Brief descriptive captions
......
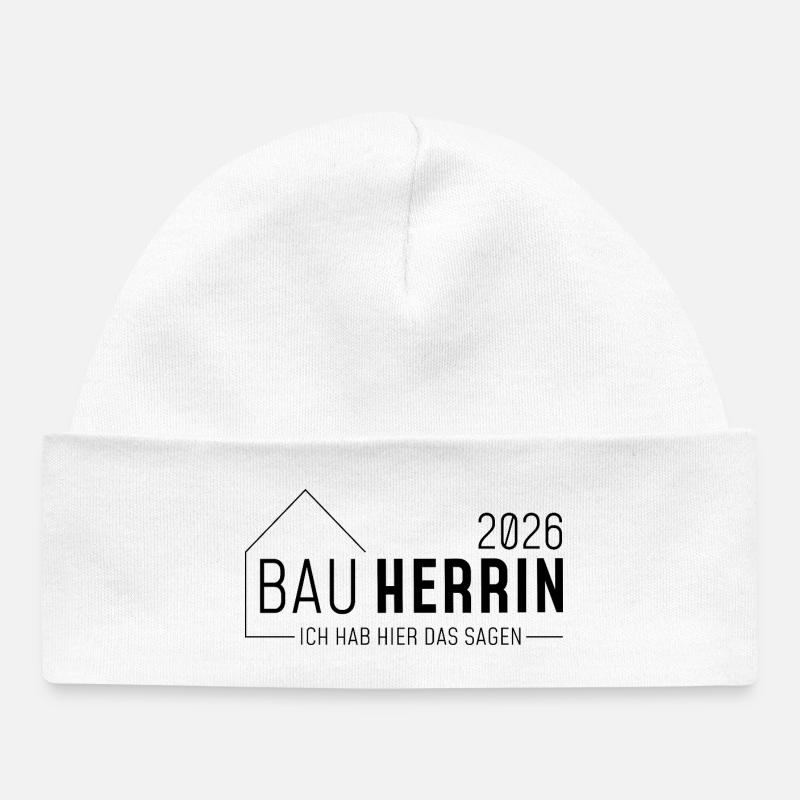 Constructeur 2026 - Je lui ai dit que - Bonnet bébé bio - blanc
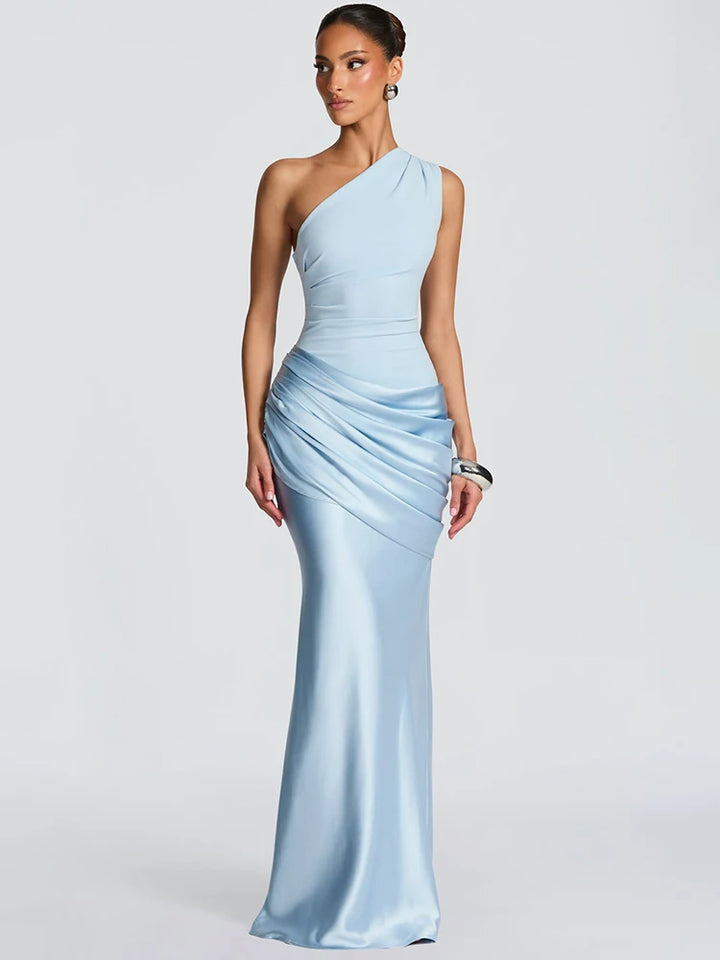 One Shoulder Backless Maxi Dress Women Club Gown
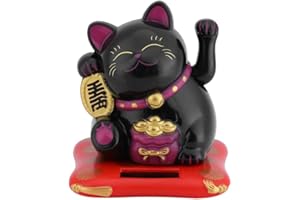 Hongzer Lucky Cat, Solar Powered Cute Waving Cat, Maneki Neko Waving Arm for Fortune Money and Good Luck, Fengshui Lucky Cat Swinging Arm for Home Display/Car Decor(Black)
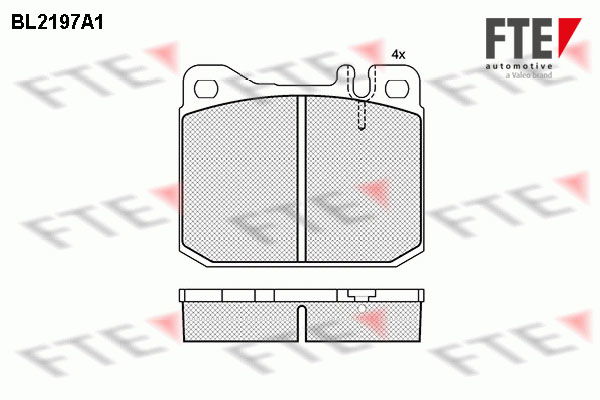 Bremsbelagsatz, Scheibenbremse Vorderachse FTE BL2197A1 von FTE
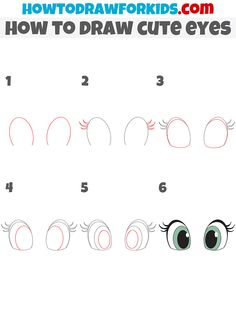 how to draw cute eyes step by step for kids and beginners with easy instructions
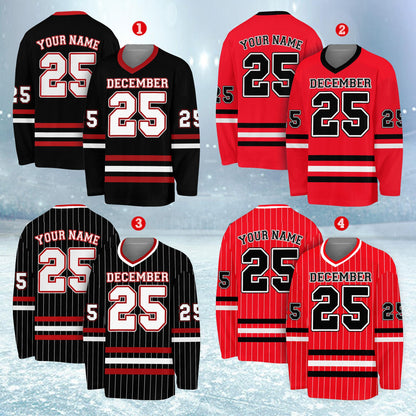 Close up front view of personalized hockey jersey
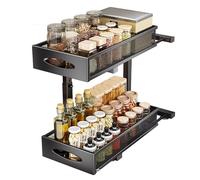 Tiroir Télescopique à 2 Couches Extensible - Étagères de Rangement pour Armoires de Cuisine, Étagères à Tiroirs Coulissantes - Pas de Perçage Ni de Clouage - Noir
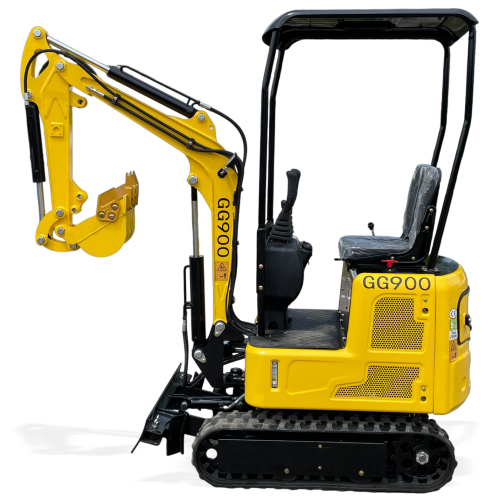 Yellow Gunter Grossmann GG900 mini excavator, side view
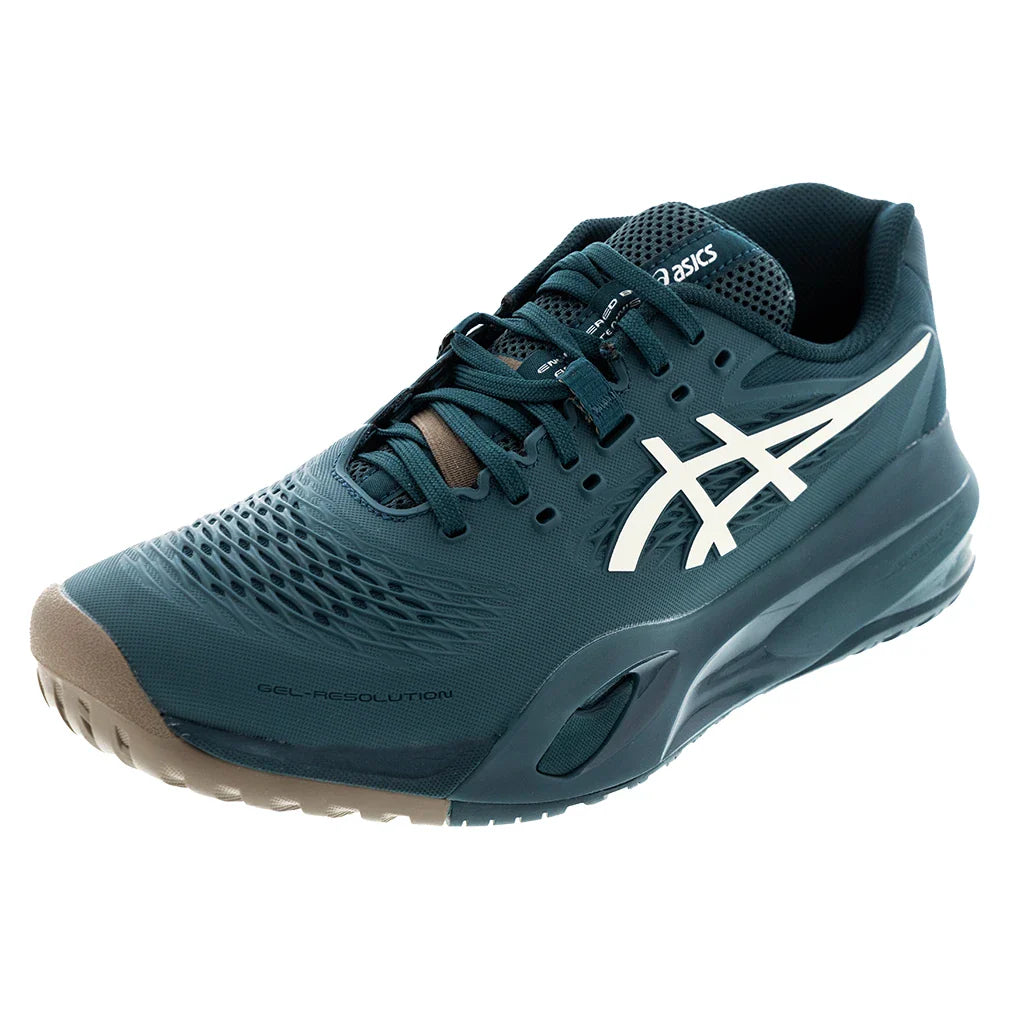 Men's GEL-Resolution X Wide Tennis Shoes Saxon Green and Birch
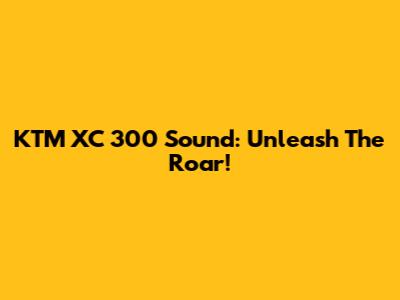 KTM XC 300 Sound: Unleash The Roar!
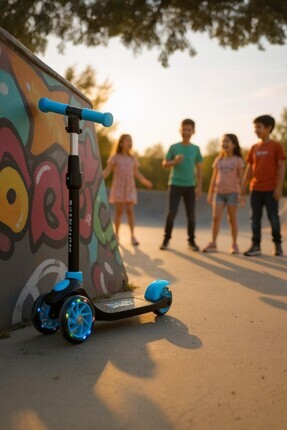 Kız Erkek Frenli Denge Led Işıklı 3 Üç Tekerlekli Yükseklik Ayarlı Magic Çocuk Scooter Image 0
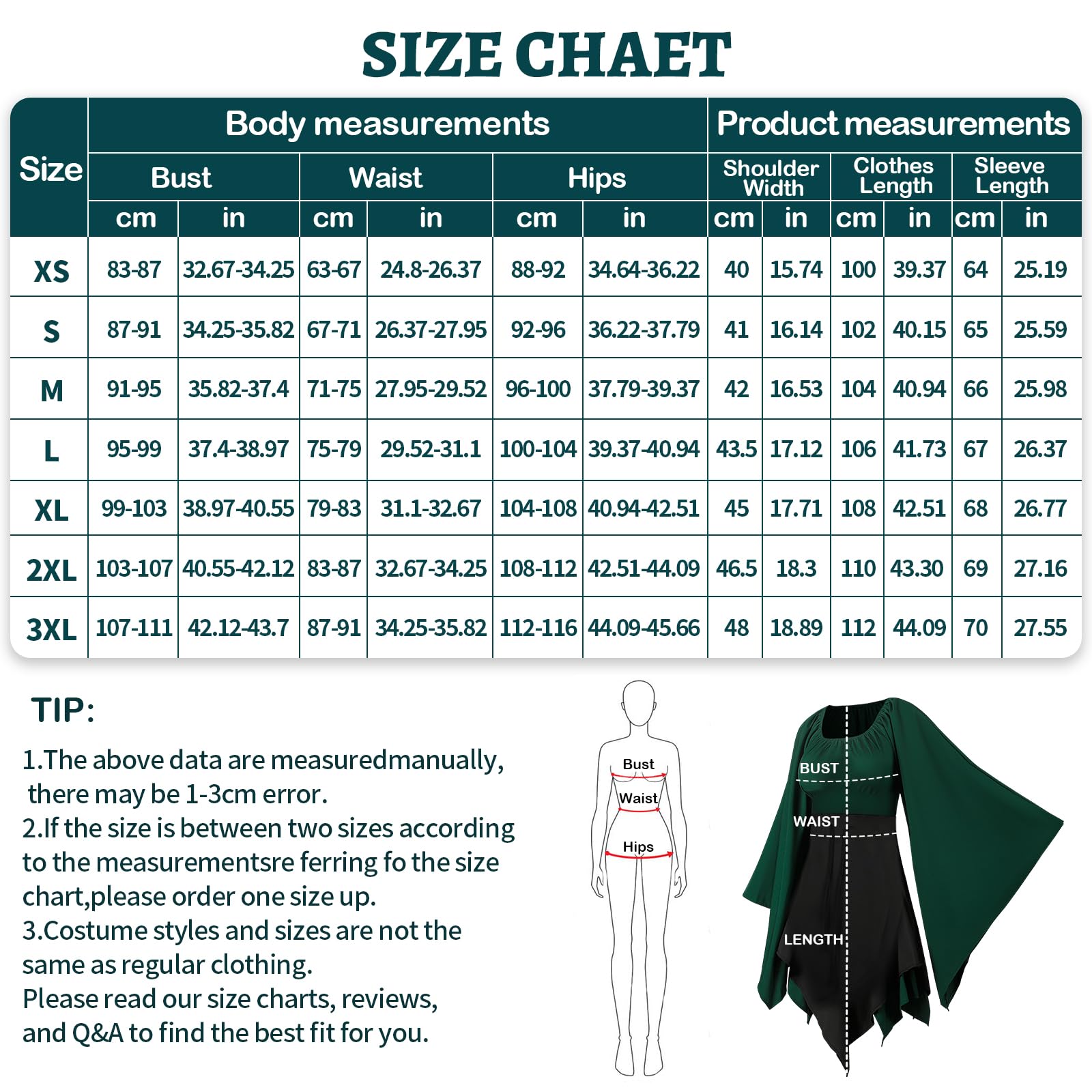 Lot de 8 robes médiévales pour femme - Robe irlandaise traditionnelle Renaissance avec oreilles d'elfe - Robe de cosplay victorienne d'Halloween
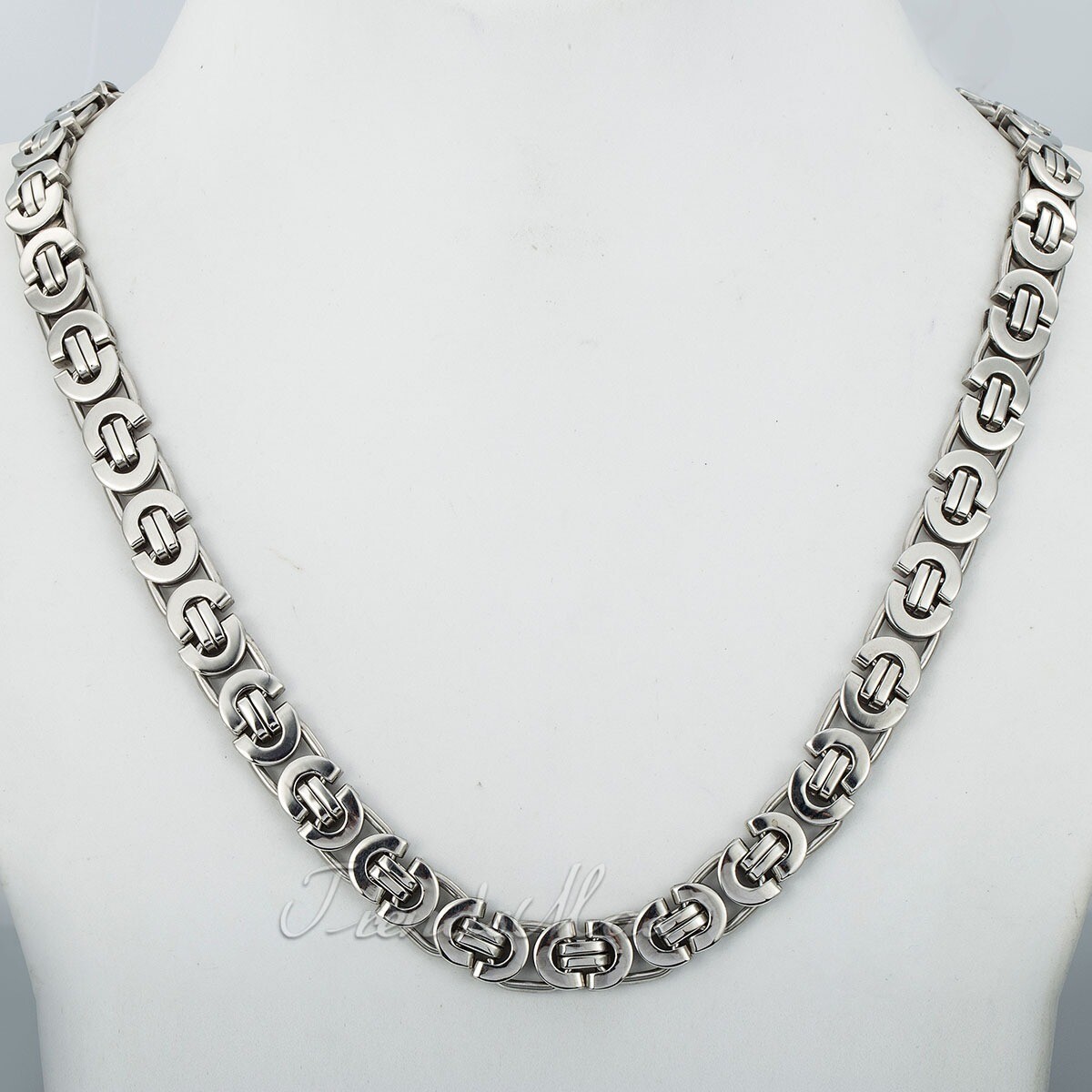 Silver Stainless Steel Link Chain Curb Byzantine Wheat Rope Box Necklace Unisex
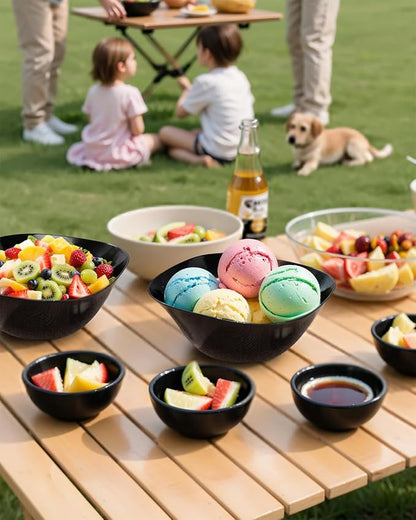 bUCLA 50 Pack Black Plastic Serving Bowls - 16oz Disposable Bowls - Image 5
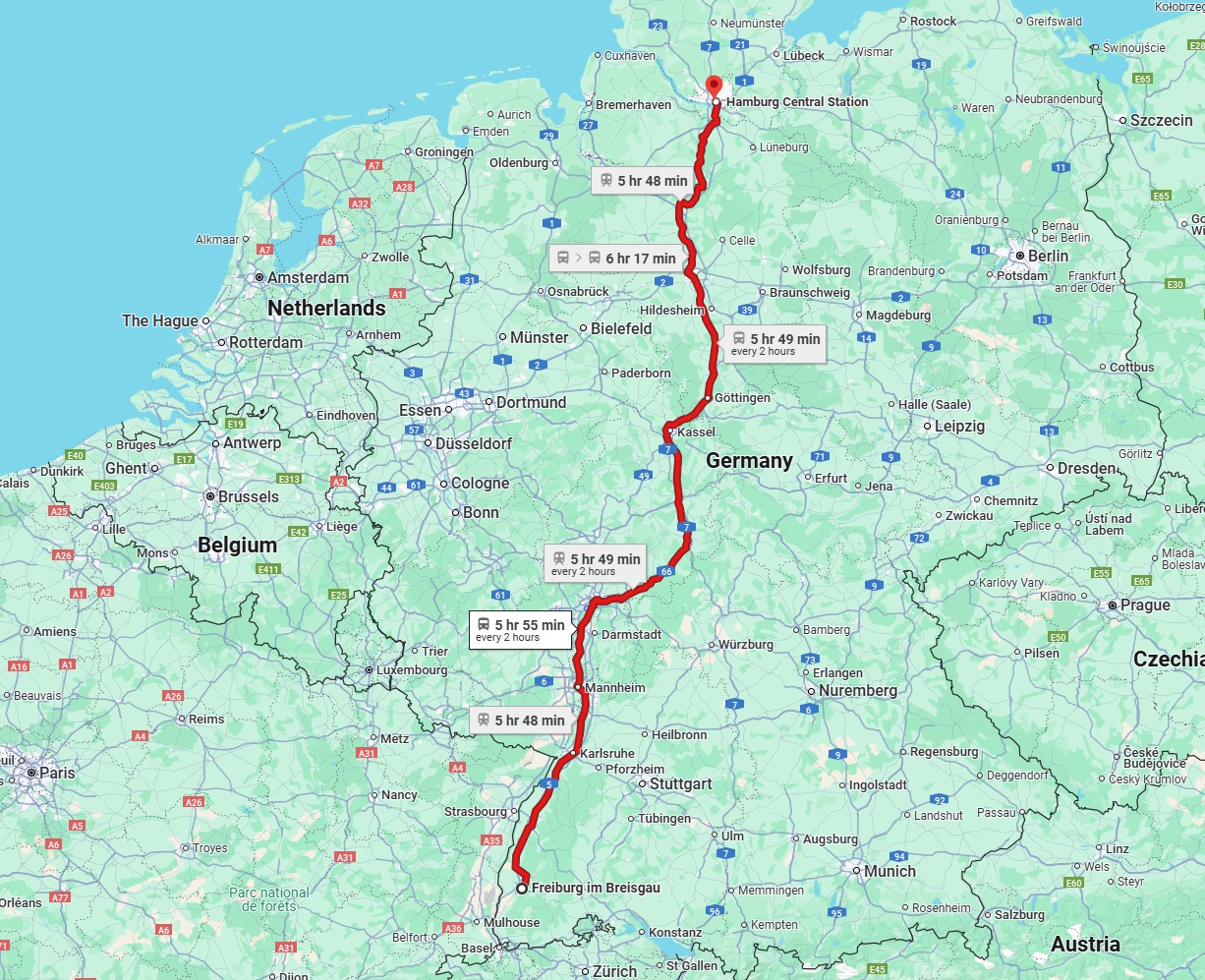 Anreise von Freiburg im Breisgau Zu Hamburg Über 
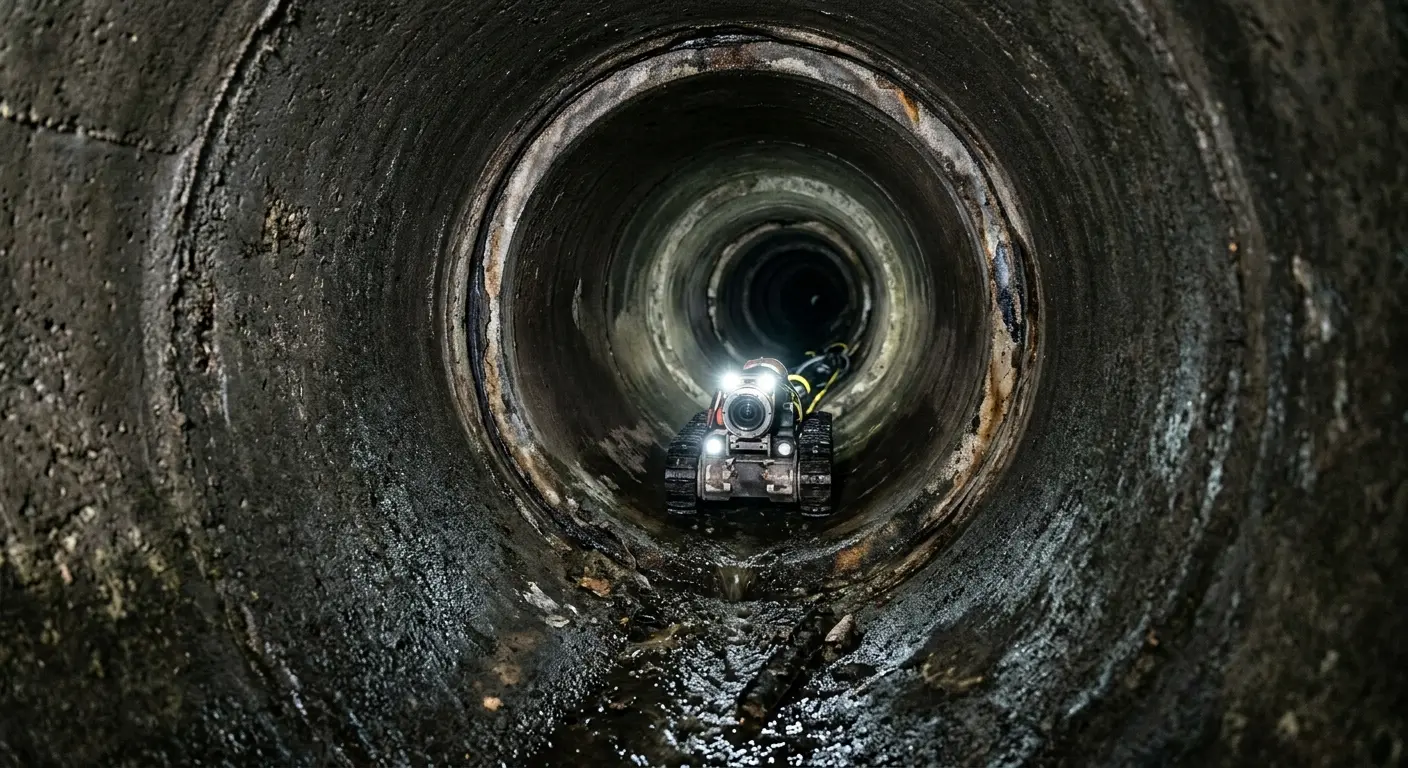 Robotic sewer camera inspecting pipe interior for Sewer Line Cleaning in Sonoma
......
Could you reproduce the records above exactly, leaving out the pictures?

§ **Your response**
 Constructeur 2026 - Je lui ai dit que - Bonnet bébé bio - blanc
 One Shoulder Backless Maxi Dress Women Club Gown
 Hongzer Lucky Cat, Solar Powered Cute Waving Cat, Maneki Neko Waving Arm for Fortune Money and Good Luck, Fengshui Lucky Cat Swinging Arm for Home Display/Car Decor(Black)
 Bremsbelagsatz, Scheibenbremse Vorderachse FTE BL2197A1 von FTE
 how to draw cute eyes step by step for kids and beginners with easy instructions
 Close up front view of personalized hockey jersey
 Tiroir Télescopique à 2 Couches Extensible - Étagères de Rangement pour Armoires de Cuisine, Étagères à Tiroirs Coulissantes - Pas de Perçage Ni de Clouage - Noir
 Yellow Gunter Grossmann GG900 mini excavator, side view
 Men's GEL-Resolution X Wide Tennis Shoes Saxon Green and Birch
 KTM XC 300 Sound: Unleash The Roar!
 Kız Erkek Frenli Denge Led Işıklı 3 Üç Tekerlekli Yükseklik Ayarlı Magic Çocuk Scooter Image 0
 Lot de 8 robes médiévales pour femme - Robe irlandaise traditionnelle Renaissance avec oreilles d'elfe - Robe de cosplay victorienne d'Halloween
 Silver Stainless Steel Link Chain Curb Byzantine Wheat Rope Box Necklace Unisex
 bUCLA 50 Pack Black Plastic Serving Bowls - 16oz Disposable Bowls - Image 5
 Anreise von Freiburg im Breisgau Zu Hamburg Über 
 Robotic sewer camera inspecting pipe interior for Sewer Line Cleaning in Sonoma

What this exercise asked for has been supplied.